Captioned web image data
§ §

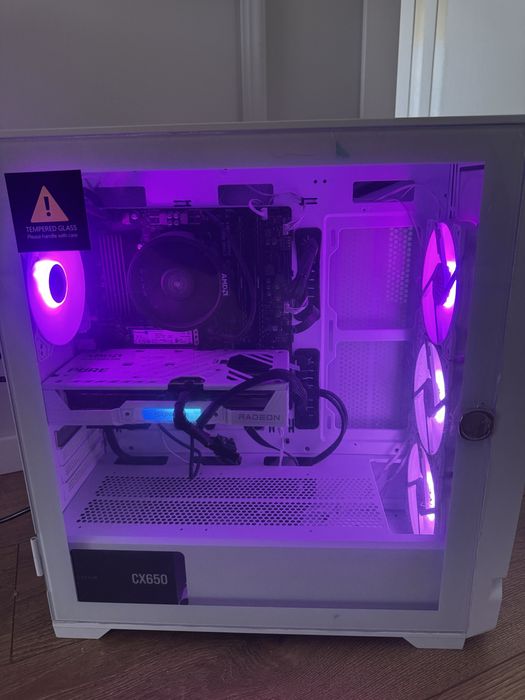 Calculator PC gaming ryzen 5 5600x , rx 9060 xt , 32gb ram , garantie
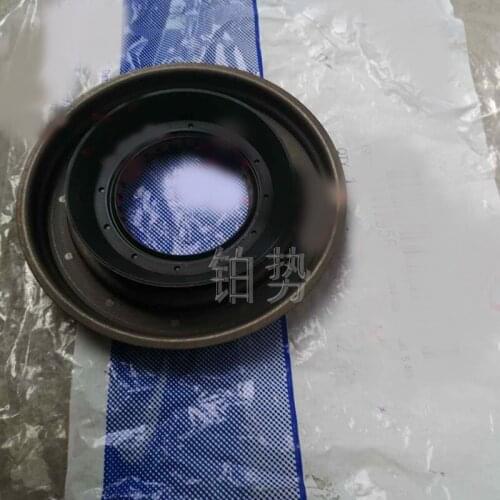 Car rear axle differential front oil seal 2017-Che vro let Cam aro half shaft oil seal crankshaft rear oil seal shaft seal ring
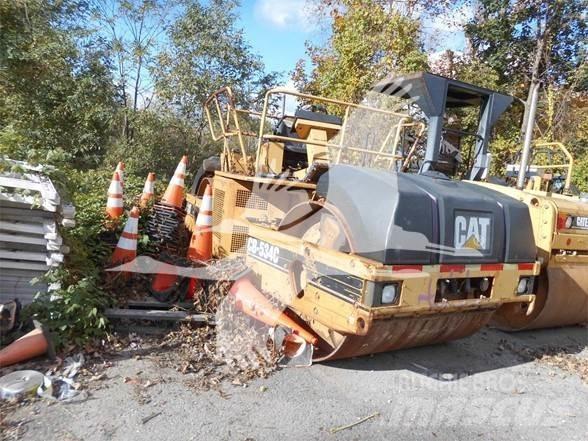 CAT CB-534C 单轮压路机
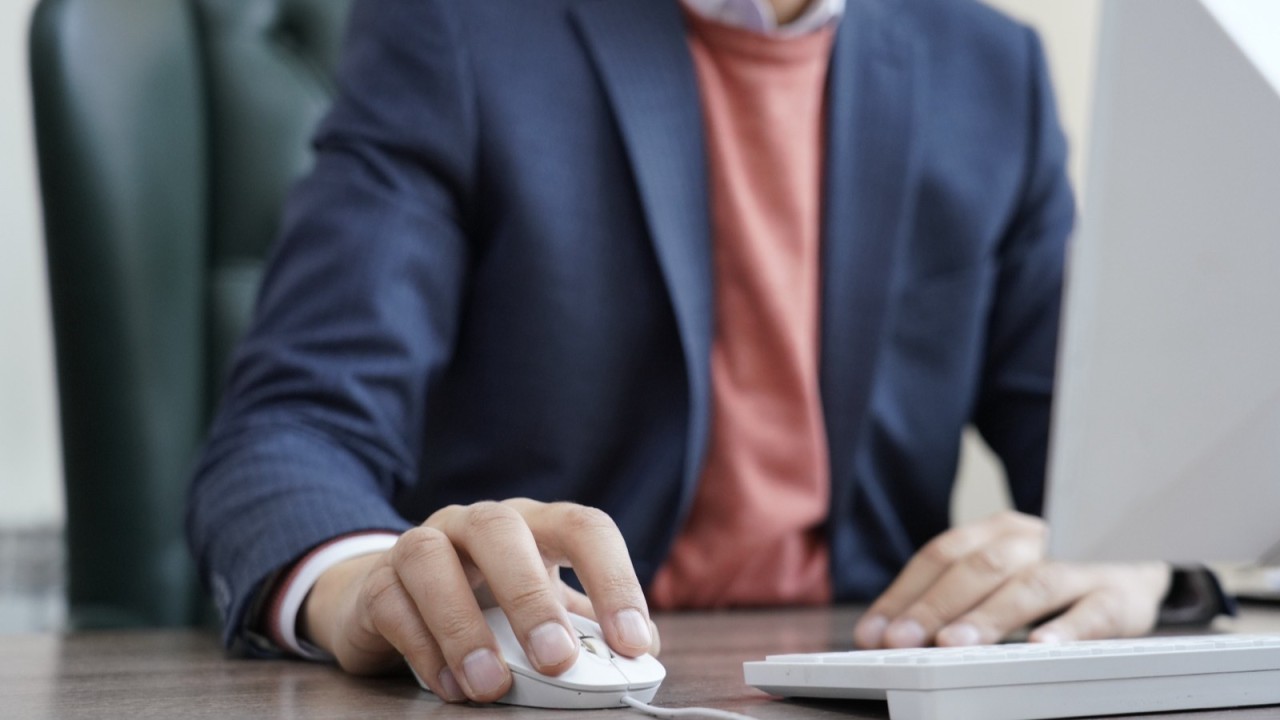 Мемлекеттік қызметшілердің кәсіби қызметіне заңсыз араласуға жол берілмейді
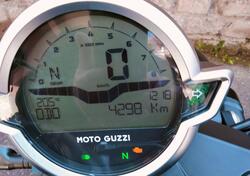 Moto Guzzi V7 Stone (2021 - 24) usata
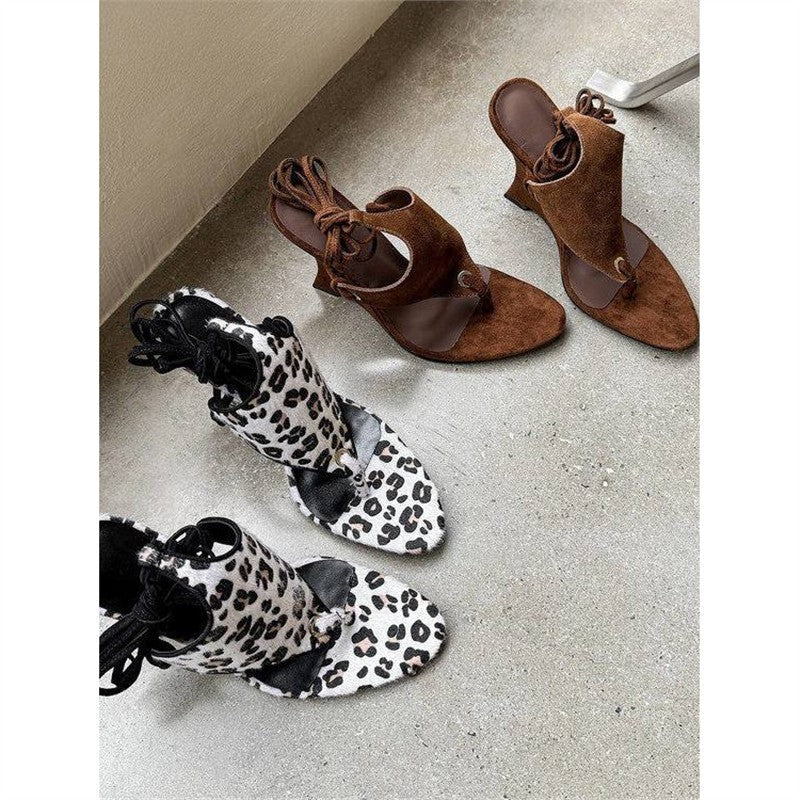 Damen Wedge-Sandalen mit modischem Leopardenprint und Riemchen R&B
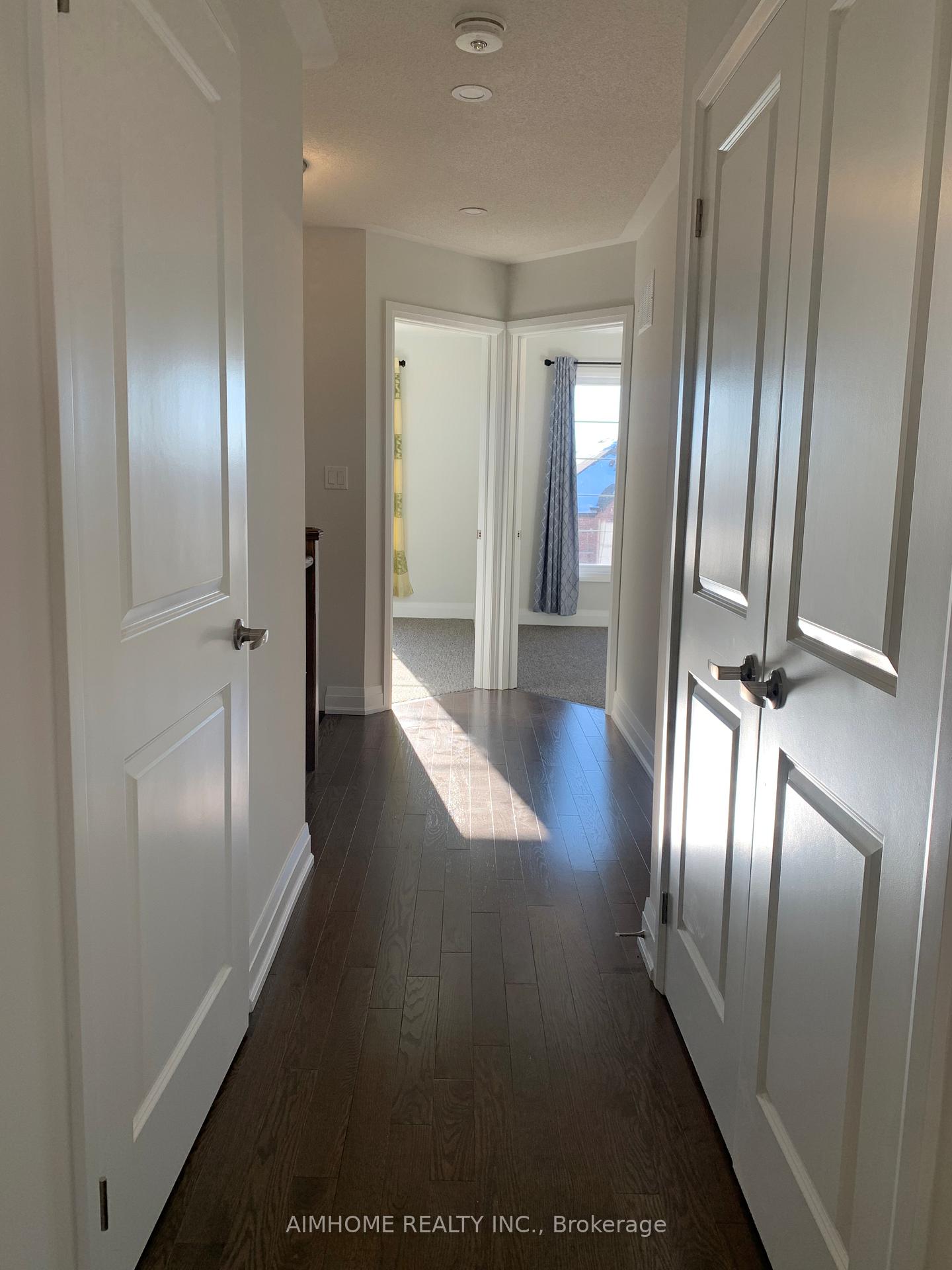 Photo 12 of 12 Summerbeam Way, Brampton, Bram West — HOMEH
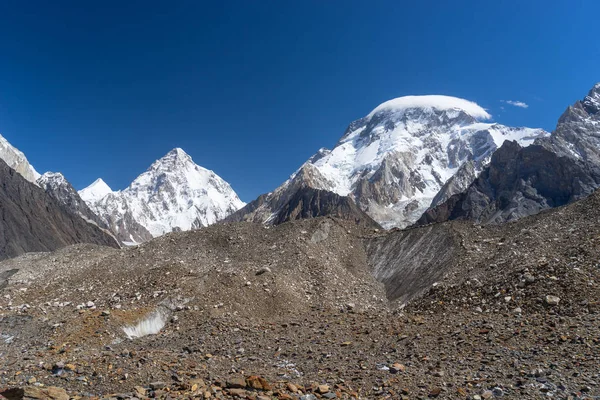 K2 und breiter Gipfel, k2 Trek — Stockfoto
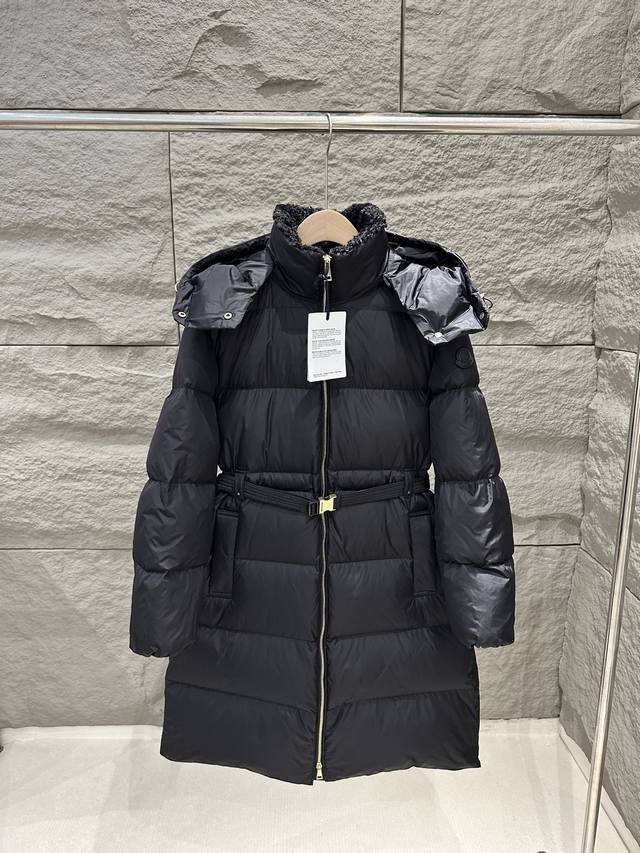 Moncler 2025 New Briant Women's Hooded Long Slim-Fit Down Jacket The Briant down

§ §

**To do**
From the line containing "Moto Guzzi V7 Stone (2021 - 24) usata" through the last line of the entries, copy each line exactly and only those, skipping all pictures.

**The completed task**
 Moto Guzzi V7 Stone (2021 - 24) usata
 Damen Wedge-Sandalen mit modischem Leopardenprint und Riemchen R&B
 Photo 12 of 12 Summerbeam Way, Brampton, Bram West — HOMEH
 K2 und breiter Gipfel, k2 Trek — Stockfoto
 Moncler 2025 New Briant Women's Hooded Long Slim-Fit Down Jacket The Briant down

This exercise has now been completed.